The team at the center includes experts in fat chemistry, starch chemistry and masa production. Having a range of perspectives and expertise means customers can find solutions for any question. The center also has a full-time chef who creates foods to inspire customers as they develop their own products.
Mr. Anderson said the facility is designed to focus on the similarities between oils and grains and its customers’ needs with Bunge’s milling and oil product development.
“We are able to offer our customers full value chain expertise and are unique in that our processing equipment mirrors our customers,” he said.
The 40,000-square-foot facility opened in 2018 and includes a culinary kitchen, bakery applications lab and five pilot plants. It is located 10 miles from Bunge’s North American headquarters, and the soon-to-be global headquarters.
The center includes a scaled-down version of an oil plant capable of creating shortenings, oils and other products used by food manufacturers, bakeries and restaurants. The center also has an extrusion pilot plant to test snack food and cereal applications made from milled grain products.
“This full range of capabilities helps customers with velocity to market,” Mr. Anderson said. “In particular, the pilot plants allow customers to do small batch production to increase the speed between product concept and commercial application.”
The center also houses bakery, analytical and sensory laboratories to ensure that test products meet the nutritional, performance and taste attributes required for a customer’s finished product.
At the center, guests can analyze how Bunge solutions improve the nutritional profile and performance of their existing products or work with the team of experts to develop new ones.

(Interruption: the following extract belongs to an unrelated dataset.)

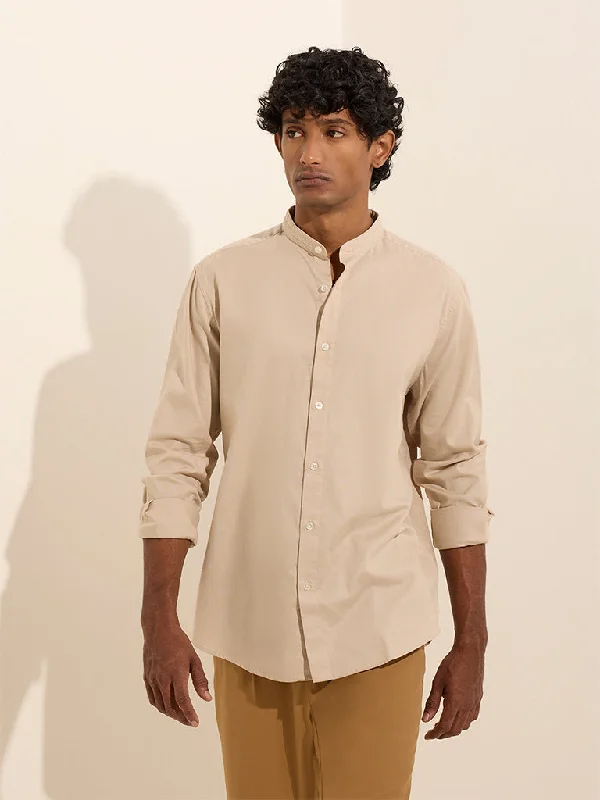 Polo Shirts Ascot Beige Solid Relaxed-Fit Cotton Shirt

The team at Bunge offers expert advice on all-purpose and frying shortenings, ancient grains, batters and breading, corn and specialty ingredients, corn masa flour, emulsified shortenings, expeller pressed oils, extruded snacks, flakes, shortenings, liquid butter alternatives, and margarines. Additionally, the company provides solutions in milled rice, specialty shortenings, trans fat-free frying oils and specialty wheat ingredients.

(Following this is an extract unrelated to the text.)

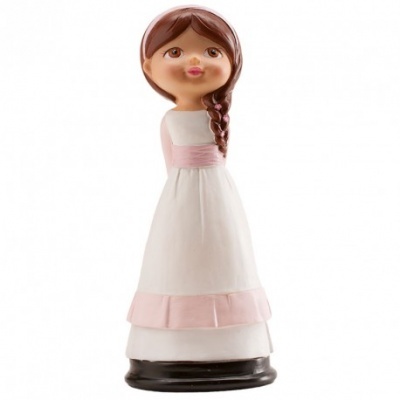 Figura decorativa de menina com vestido branco e cor-de-rosa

For extruded snacks, the center can help customers develop new product shapes and sizes. And if a baker is looking to reformulate existing products or create something new, Bunge’s bulgur wheat, wheat bran and germ can assist in meeting functional or label requirements.
“The Creative Solutions Center serves a fundamental need as food product innovation is a rapidly evolving sector and consumers keep pushing for healthy, sustainable, high-quality and interactive food experiences,” Mr. Anderson said. “Companies that can’t respond fast enough can’t compete. Many have had to scale back their R.&D. budgets and are looking for outside partners such as Bunge to get their ideas on the shelf at a speed and cost they aren’t capable of anymore.”
The facility was designed to meet this demand. And by building a team of experts around Bunge’s long line of product offerings in food and ingredients, the company will drive innovation across the baking and snack industries.